Instant Analysis: Gators 26, Kentucky 7

In the wake of a sluggish win over Kentucky Saturday night, there are two major stories that Florida Gator fans will talk about. Urban Meyer will take care of the first one; and contrary to what you might think, he won’t have to take care of the second one.

The first huge story comes from Florida’s pancake-flat first half, typified by a rare Reggie Nelson whiff on a fumble recovery attempt, and then a slow, leadfooted response to Kentucky’s David Jones on a seven-yard run in the red zone that should have been a seven-yard loss. When you consider the abundance of team speed the Gators possess, you can’t think that Kentucky’s players are faster; no, that one seven-yard run clearly indicated that Florida was not fully invested in Saturday night’s game… not with a full tank of emotions, and not until a much more impressive second half. It goes without saying that Urban Meyer will let his team know–in no uncertain terms–that that level of emotion, while not fatal against Kentucky, will prove disastrous if shown for any prolonged amount of time in the next five crucial weeks. No need to belabor the point, then.

Ah, but the second story is the story that will generate much more chatter in and around Gainesville in the week to come.

The snapshots, the images of emotion and attitude, were unmisktakable and hard to shake: when Tim Tebow took center stage in the third quarter against the Wildcats, the energy in the stands and the swagger on the field jumped dramatically. Even more importantly, the tempo and rhythm of the Florida huddle picked up, just the way Urban Meyer would like it. And when Tebow stiff-armed Kentucky’s Trevard Lindley so far east that the Wildcat cornerback landed in the Atlantic Ocean, it had seemed as though the ballyhooed recruit–who had drowned in hype for so long, and who played a pivotal role in the win at Tennessee a week earlier–had encountered the first defining and iconic moment of his Florida career. There was no scoreboard significance in that play, and the opponent was Kentucky, not LSU, Auburn or Georgia. But oh, the psychological and symbolic force of that play were off the charts in their magnitude. As fine a man as Chris Leak is–and as much as he himself did in the h uge win in Knoxville the week before–it was impossible for a Gator fan to not think, in that moment, that the next great era of Florida football had begun, with Meyer the coach, and Tim Tebow the quarterback. It was the kind of image–stamped upon the collective memory–that fathers and grandfathers tell the little ones many years after the fact. What Shane Matthews did against Oklahoma State on a September Saturday was the same thing Tim Tebow might have done against Kentucky on another September Saturday in Gainesville, sixteen long years later.

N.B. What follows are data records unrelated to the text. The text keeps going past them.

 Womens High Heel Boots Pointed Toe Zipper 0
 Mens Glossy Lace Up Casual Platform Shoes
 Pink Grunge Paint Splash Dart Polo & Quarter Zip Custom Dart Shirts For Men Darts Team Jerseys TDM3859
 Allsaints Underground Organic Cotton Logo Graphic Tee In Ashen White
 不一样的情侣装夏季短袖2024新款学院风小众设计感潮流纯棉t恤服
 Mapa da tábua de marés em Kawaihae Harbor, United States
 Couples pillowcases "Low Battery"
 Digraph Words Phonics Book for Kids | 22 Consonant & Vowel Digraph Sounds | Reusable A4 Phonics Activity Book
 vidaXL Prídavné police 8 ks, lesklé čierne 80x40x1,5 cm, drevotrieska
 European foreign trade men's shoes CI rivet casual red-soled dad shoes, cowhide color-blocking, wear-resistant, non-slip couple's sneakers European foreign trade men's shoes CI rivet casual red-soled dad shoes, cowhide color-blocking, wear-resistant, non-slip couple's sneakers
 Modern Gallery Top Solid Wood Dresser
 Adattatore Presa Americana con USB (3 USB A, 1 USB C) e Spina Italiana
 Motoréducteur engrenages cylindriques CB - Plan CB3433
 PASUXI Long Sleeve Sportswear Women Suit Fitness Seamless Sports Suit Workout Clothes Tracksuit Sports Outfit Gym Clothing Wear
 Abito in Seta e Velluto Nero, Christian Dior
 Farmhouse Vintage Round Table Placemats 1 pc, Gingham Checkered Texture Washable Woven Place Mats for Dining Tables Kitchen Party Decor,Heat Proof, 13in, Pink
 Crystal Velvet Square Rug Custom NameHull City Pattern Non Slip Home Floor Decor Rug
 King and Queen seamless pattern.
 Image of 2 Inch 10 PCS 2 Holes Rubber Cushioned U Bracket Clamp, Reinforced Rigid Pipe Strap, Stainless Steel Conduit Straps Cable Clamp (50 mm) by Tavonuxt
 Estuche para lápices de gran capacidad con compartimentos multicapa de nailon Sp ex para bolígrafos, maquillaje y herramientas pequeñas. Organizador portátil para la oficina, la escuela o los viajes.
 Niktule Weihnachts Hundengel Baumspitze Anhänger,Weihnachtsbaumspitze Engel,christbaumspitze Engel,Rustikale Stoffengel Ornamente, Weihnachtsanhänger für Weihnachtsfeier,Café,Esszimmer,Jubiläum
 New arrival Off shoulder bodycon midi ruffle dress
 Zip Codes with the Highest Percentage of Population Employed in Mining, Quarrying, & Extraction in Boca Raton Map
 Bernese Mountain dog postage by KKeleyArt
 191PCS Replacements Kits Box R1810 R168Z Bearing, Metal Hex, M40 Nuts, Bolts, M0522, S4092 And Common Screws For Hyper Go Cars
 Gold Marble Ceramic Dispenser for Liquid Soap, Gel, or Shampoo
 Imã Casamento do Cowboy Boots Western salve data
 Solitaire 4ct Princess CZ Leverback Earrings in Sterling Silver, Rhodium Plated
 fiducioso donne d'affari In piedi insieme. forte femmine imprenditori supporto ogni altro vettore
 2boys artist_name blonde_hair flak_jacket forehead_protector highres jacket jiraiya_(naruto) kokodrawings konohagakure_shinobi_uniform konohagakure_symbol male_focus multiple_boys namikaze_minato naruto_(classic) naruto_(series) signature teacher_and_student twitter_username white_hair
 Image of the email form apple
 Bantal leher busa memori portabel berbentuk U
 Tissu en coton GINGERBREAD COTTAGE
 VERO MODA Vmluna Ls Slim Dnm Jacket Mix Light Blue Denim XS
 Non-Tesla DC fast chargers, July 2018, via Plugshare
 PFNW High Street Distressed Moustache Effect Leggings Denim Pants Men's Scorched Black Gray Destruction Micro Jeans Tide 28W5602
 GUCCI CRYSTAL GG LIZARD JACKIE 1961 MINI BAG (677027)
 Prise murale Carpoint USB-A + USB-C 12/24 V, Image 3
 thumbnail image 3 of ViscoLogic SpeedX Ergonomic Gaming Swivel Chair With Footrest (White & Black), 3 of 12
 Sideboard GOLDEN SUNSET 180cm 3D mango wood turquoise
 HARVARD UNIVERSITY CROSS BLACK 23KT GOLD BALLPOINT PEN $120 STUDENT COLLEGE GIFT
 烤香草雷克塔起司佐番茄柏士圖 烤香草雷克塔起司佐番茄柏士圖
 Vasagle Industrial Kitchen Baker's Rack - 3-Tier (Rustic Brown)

So with all this having been said, the two words that might be tripping lightly and nervously off the liips of Florida partisans right now are “quarterback controversy.” In any big-time program, those two words are hard to eliminate from the mind, especially in light of the old conventional wisdom that two quarterbacks are worse than one.

But as Urban Meyer’s famous predecessor (not the infamous guy who interrupted things for three years before losing big at Illinois) once proved, a two-quarterback shuffle (see the encyclopedia entry titled, “Seminoles, Florida State, November 1997″) does not have to be a death-knell; at Florida, creativity in juggling quarterbacks can be a godsend, and Meyer proved as much against Tennessee in Neyland Stadium.

So while instincts and conventional wisdom suggest controversies, tough decisions, and internal drama for the Gators–particularly at quarterback–the reality is that there’s no decision to be made. With Alabama up next and then the LSU-Auburn Tiger trap, Florida is best served–and given a full range of options (pun not intended)–by having both Leak and Tebow on the field. The starting QB distinction should be largely if not completely irrelevant. It’s all about having the right player on the field for the right defense and the proper down-and-distance situation. Mix and manipulate as needed.

Goodness knows, there are lots of issues to be sorted out after the uneven performance against a Kentucky team that, to give it credit, shows a little more fight and flexes a little more muscle than past Wildcat teams have managed to display. But the quarterback situation–while likely full of talk–is not one of those issues. Tim Tebow provides a lot of swagger, but at the end of the day, Chris Leak is the man who is relied upon to throw big downfield passes, and that responsibility can’t–and shouldn’t–be taken away from him, four games into his senior season.

aa There are some decisions for Urban Meyer in the wake of a game that provided some powerful symbolic images and unforgettable moments fashioned by a freshman wearing No. 15. But the best decision Meyer will make in the coming week is the one he doesn’t make; simply continuing the mix-and-match formula at quarterback is the steady, non-panicky move the Gators need from their head ball coach.